Open ChrisMuki opened 2 years ago
Hi Chris!
Parquet4s doesn't expose file schema in its own API (it is a thing that could be added). However, you can easily access it by calling the original Java API that Parquet4s is using under the hood. Check org.apache.parquet.hadoop.ParquetFileReader
, e.g.:
val reader = ParquetFileReader.open(inputFile, readerOptions)
try {
val schema: MessageType = reader.getFileMetaData.getSchema
...
} finally reader.close()
Regarding
a complete list of how to map scala types properly to fields
check the content of TypedSchemaDef
I mean... use this type class implicitly or explicitly to obtain type mapping. Check also a quite rich API of RowParquetRecord
First i want to thank you for this great library!
I need to merge hundreds of small parquet files into bigger ones. Sadly they are not all the same schema (e.g. missing columns), nor is the schema known at compile time.

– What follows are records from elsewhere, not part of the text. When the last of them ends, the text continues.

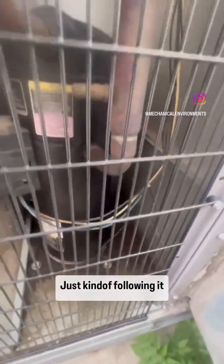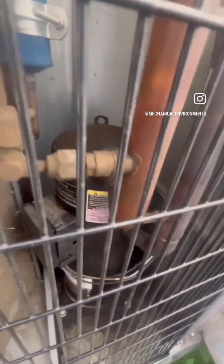You can see all the oil in here, just kind of following it around. Swivel tee — it's usually associated with a leak.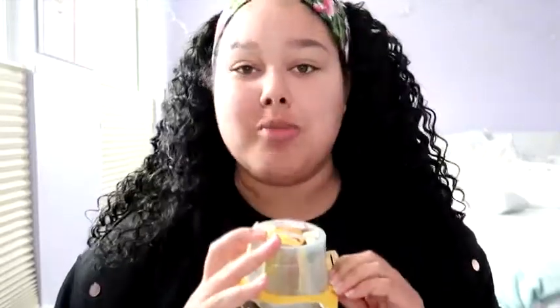This has actually been sitting on my bedroom floor for months since I got back from Korea, which was back in October. So this is the gold rubber mask — let's try it out.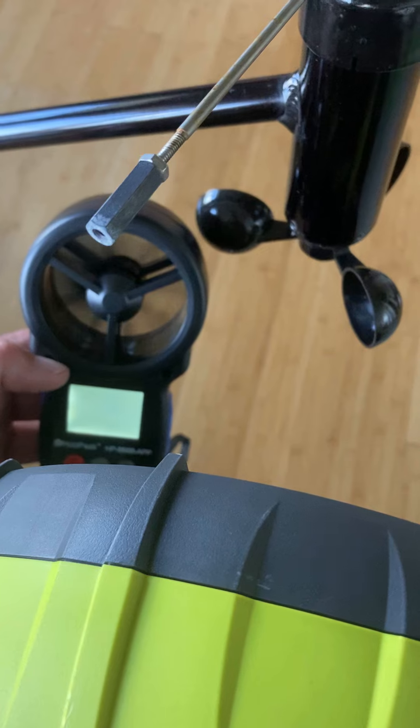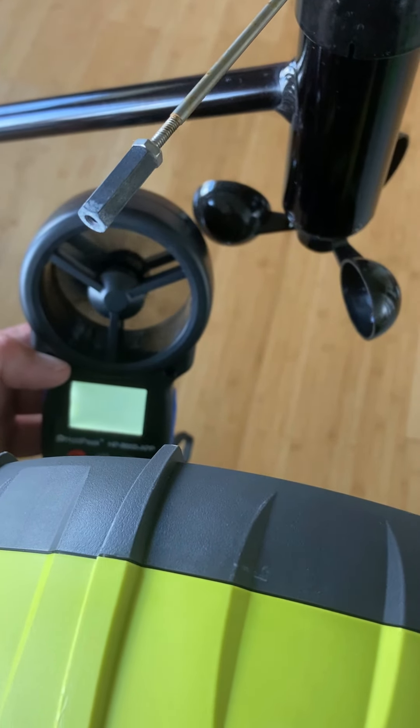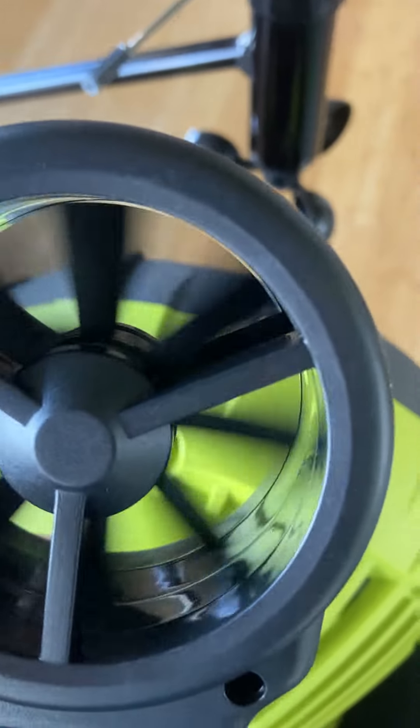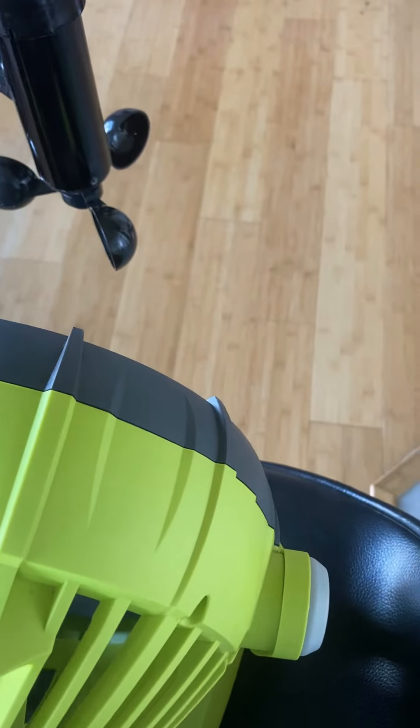The fan blows at about four knots on the low setting, and the anemometer shows that my handheld reading is four knots. See, it's sticking.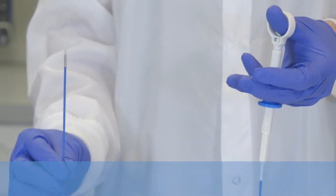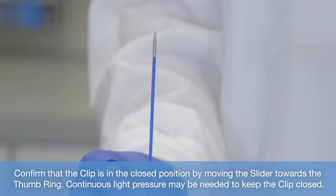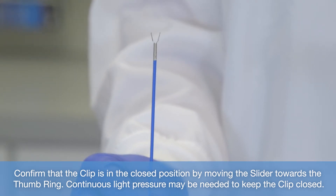Confirm that the clip is in the closed position by moving the slider towards the thumb ring. Continuous light pressure may be needed to keep the clip closed.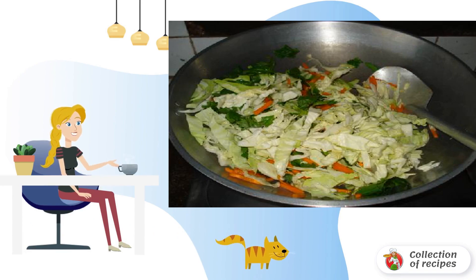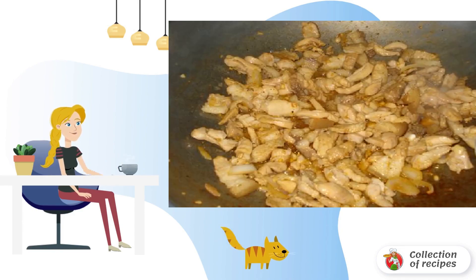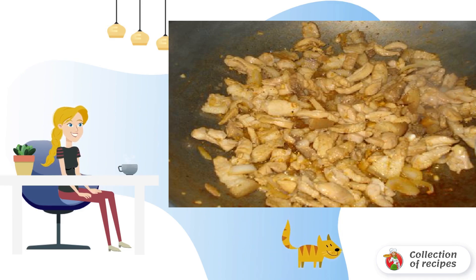This will be enough. Add a little salt and set aside. Separately fry a little garlic and onion. Add the meat and cook for a few minutes. Then season with salt, pepper and pour a little soy sauce.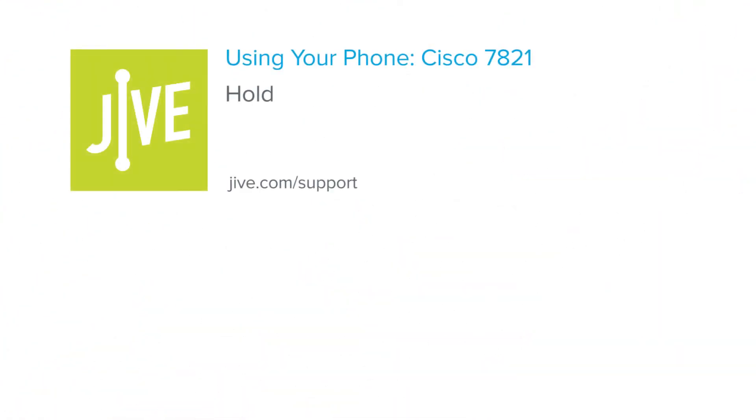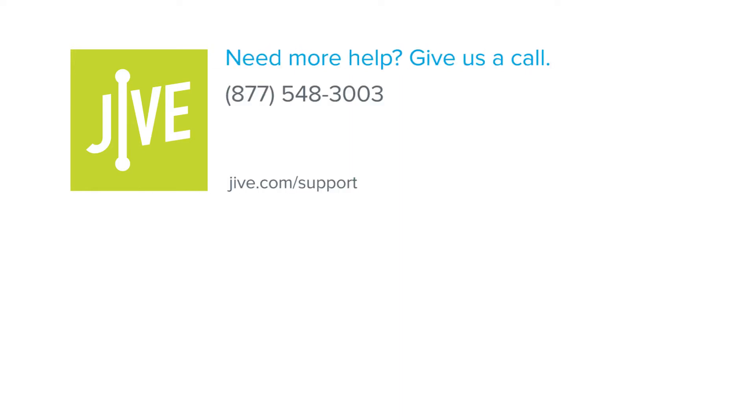That concludes the process for using the hold feature on a Cisco 7821 phone. If you have additional questions, please read our online documentation or contact our support team, who would be glad to assist you.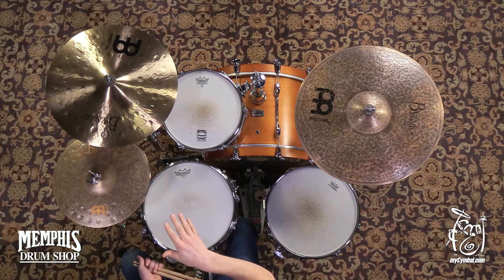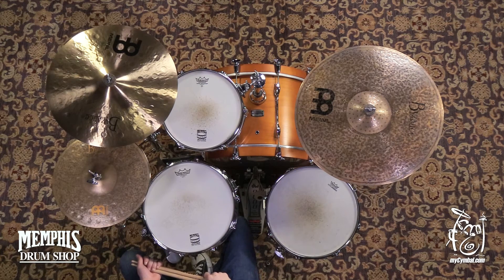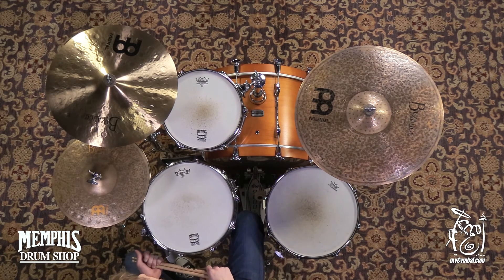I love the kind of character that comes through all the different undertones and overtones with that hammering. It just really has a lot of voices in it. You can get this exact cymbal only at MyCymbal.com.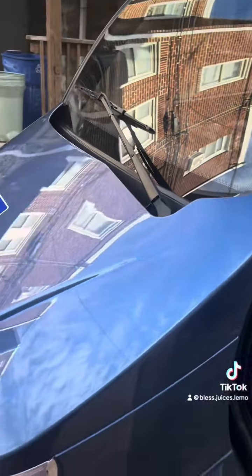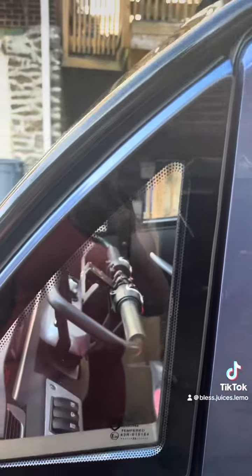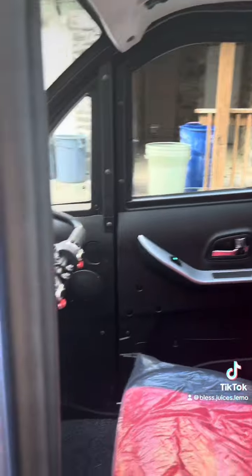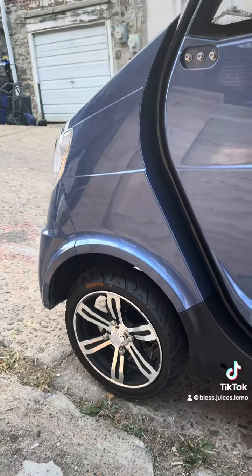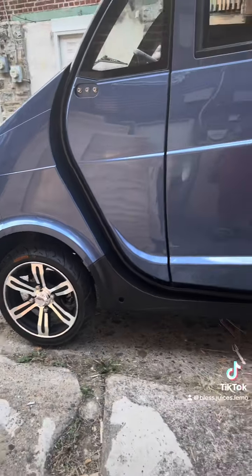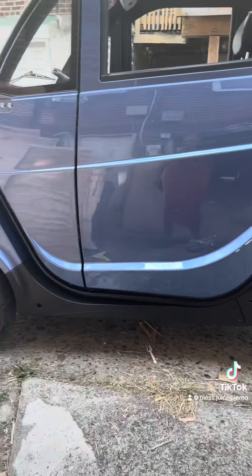This is an enclosed mobility scooter for people that have mobility issues. You don't need a driver's license, you don't need to register it, and you don't need anything else — you just buy it, drive it, and go. Thank you so much, I appreciate you guys.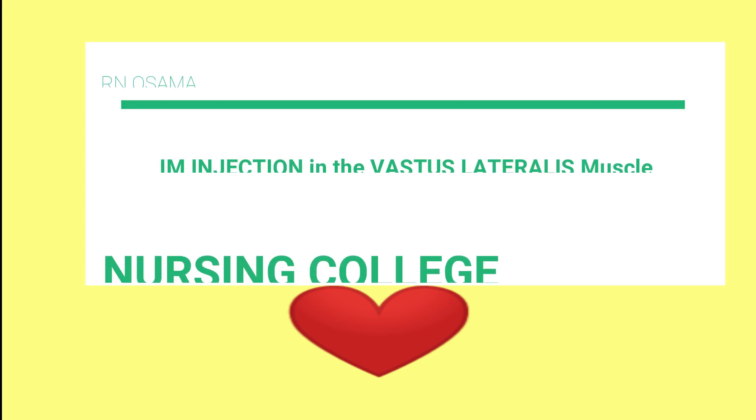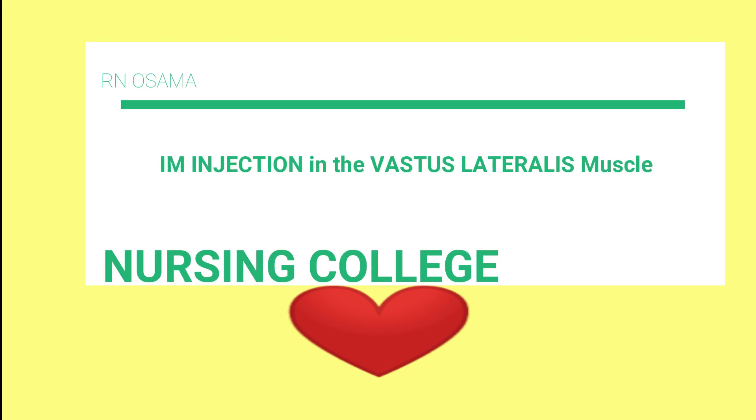Hello everyone, today here's Arun Usama and this is a video that demonstrates how to insert the needle in the vastus lateralis muscle.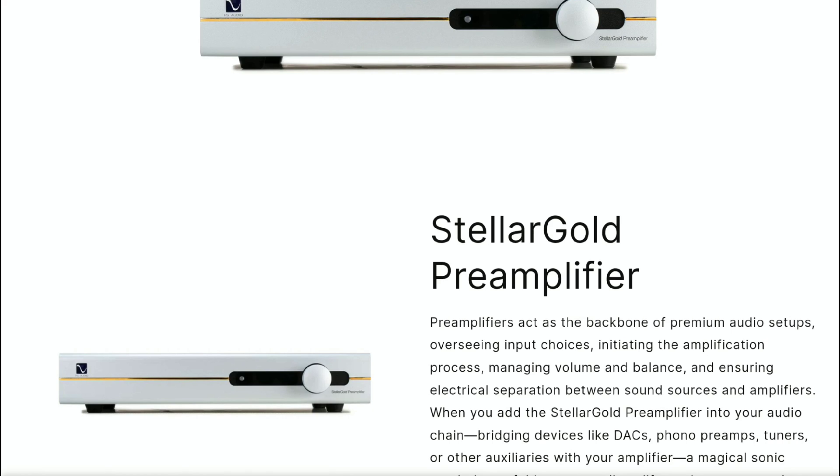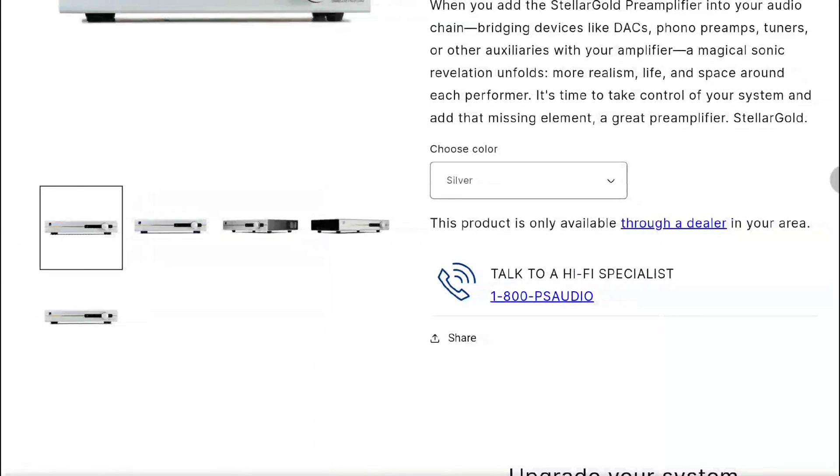The Stellar Gold DAC is designed around the ESS ES9038 Pro technology and employs four parallel DACs per channel, which reduces noise through averaging. The signal-to-noise ratio exceeds 127 decibels, and the DAC has a minimum output of four volts balanced. It supports all high-res audio formats, including PCM up to 768 kHz.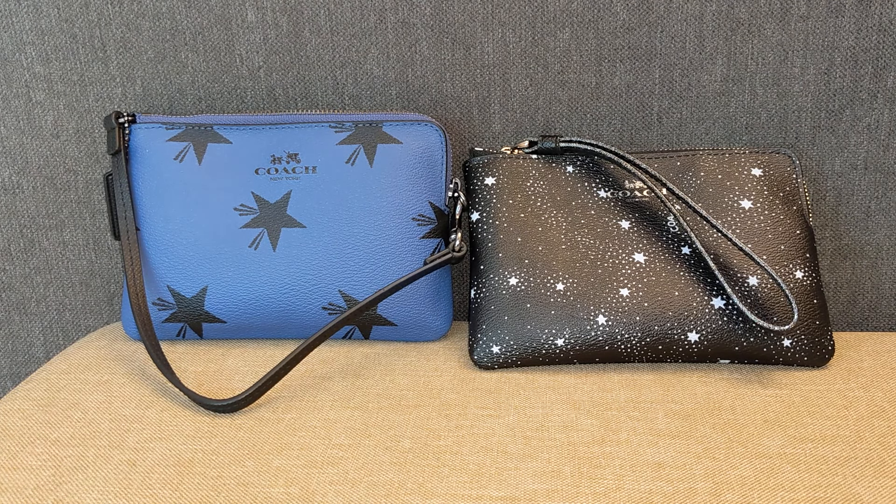So that was four different ways to use a Coach wristlet. I hope you found that helpful. And if you have other ways that you use your Coach wristlets, please do let me know in the comments below and share with everyone. Thanks guys for watching and I'll see you next time. Bye!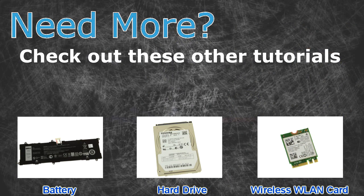Need more? Check out these other tutorials. For batteries, click here. For hard drives, click here. For wireless cards, click here.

I am just wondering what would be the most eficient way to get only the schema of a parquet file. Currently i am looking into the first RowParquetRecord but as there might be NullValues....
Further, i am interested if there is a complete list of how to map scala types properly to fields, like this
Types.primitive(INT32, OPTIONAL).as(LogicalTypeAnnotation.dateType()).named(Birthday)
Thanks